Please retype all of the records below word for word, leaving out any pictures.

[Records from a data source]
______

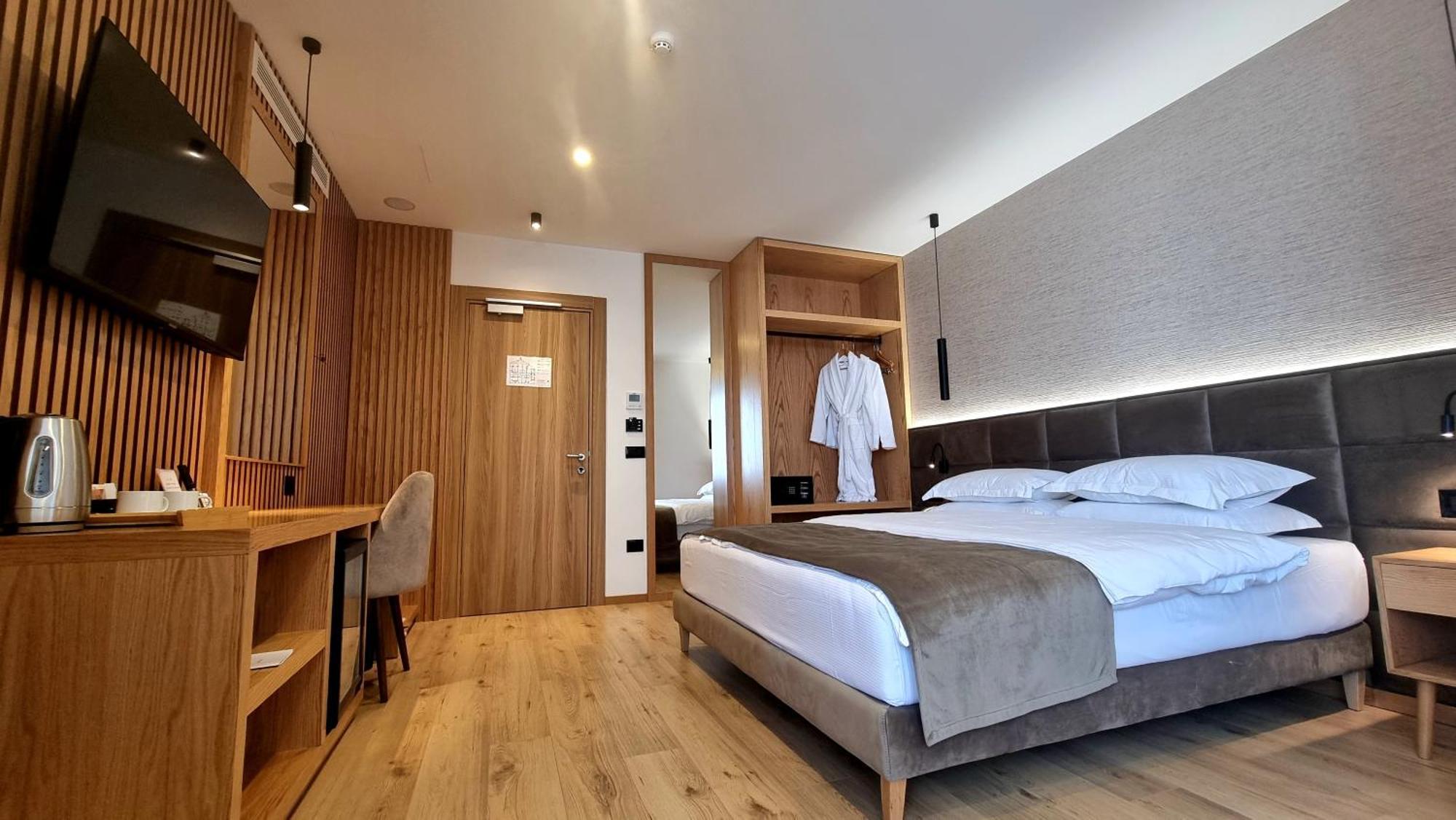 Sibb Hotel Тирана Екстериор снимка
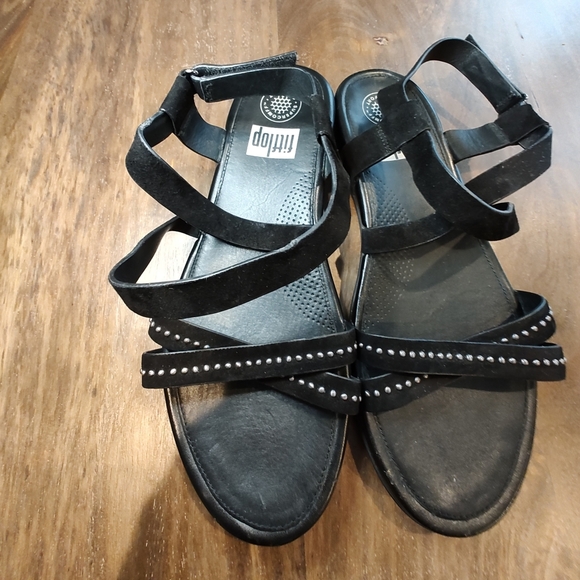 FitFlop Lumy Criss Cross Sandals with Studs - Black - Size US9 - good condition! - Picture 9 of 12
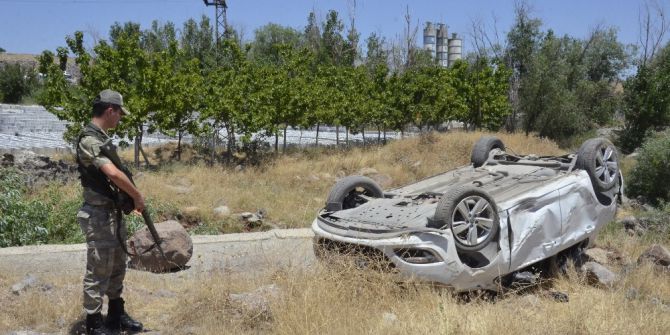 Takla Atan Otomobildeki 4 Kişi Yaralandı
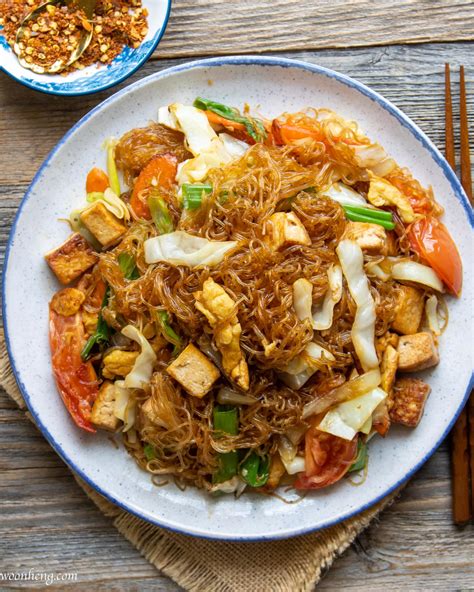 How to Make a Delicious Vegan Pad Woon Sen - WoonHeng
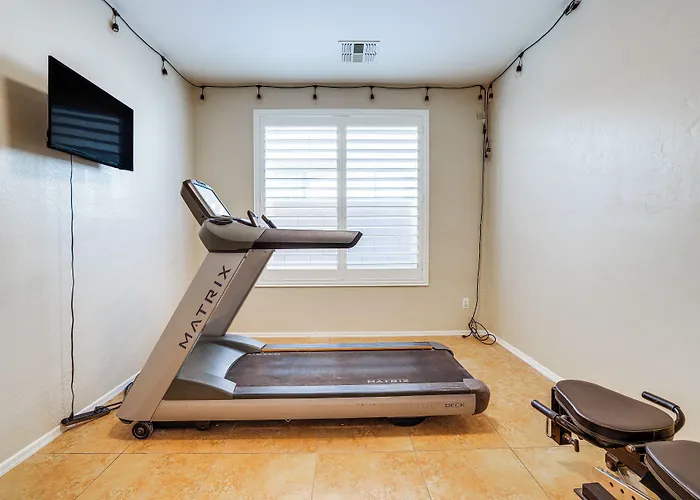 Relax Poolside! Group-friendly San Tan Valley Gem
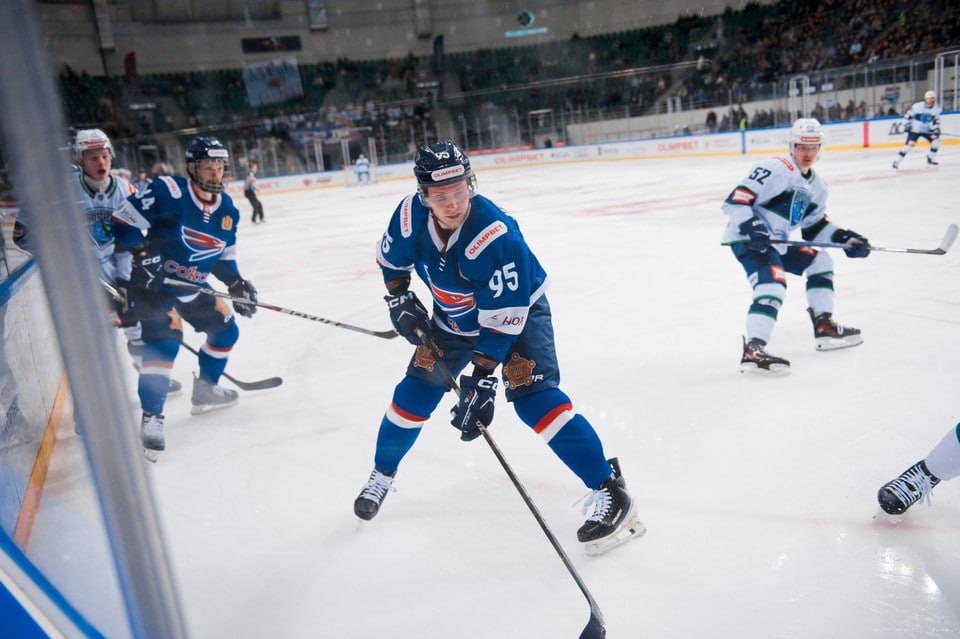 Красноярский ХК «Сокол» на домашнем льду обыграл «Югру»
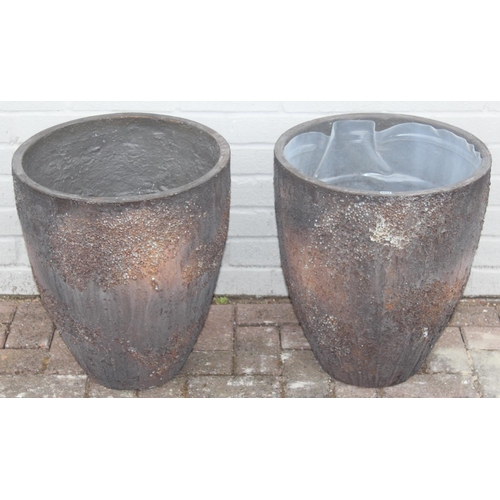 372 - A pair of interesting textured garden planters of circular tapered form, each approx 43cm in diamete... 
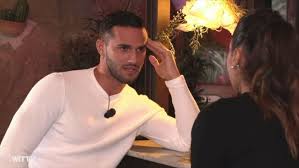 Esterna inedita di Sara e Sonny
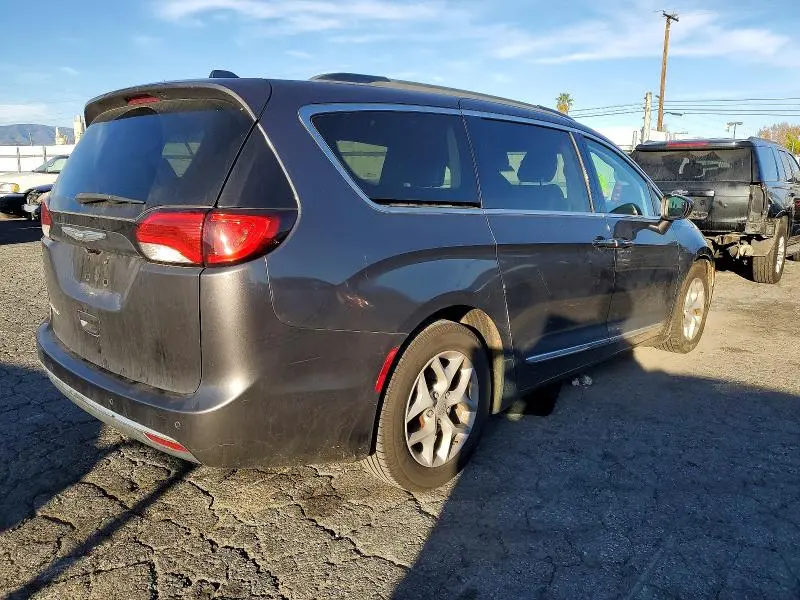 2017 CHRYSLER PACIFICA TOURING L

______

* _Output for this exercise_:
 Sibb Hotel Тирана Екстериор снимка
 FitFlop Lumy Criss Cross Sandals with Studs - Black - Size US9 - good condition! - Picture 9 of 12
 Takla Atan Otomobildeki 4 Kişi Yaralandı
 How to Make a Delicious Vegan Pad Woon Sen - WoonHeng
 Relax Poolside! Group-friendly San Tan Valley Gem
 Красноярский ХК «Сокол» на домашнем льду обыграл «Югру»
 372 - A pair of interesting textured garden planters of circular tapered form, each approx 43cm in diamete... 
 Esterna inedita di Sara e Sonny
 2017 CHRYSLER PACIFICA TOURING L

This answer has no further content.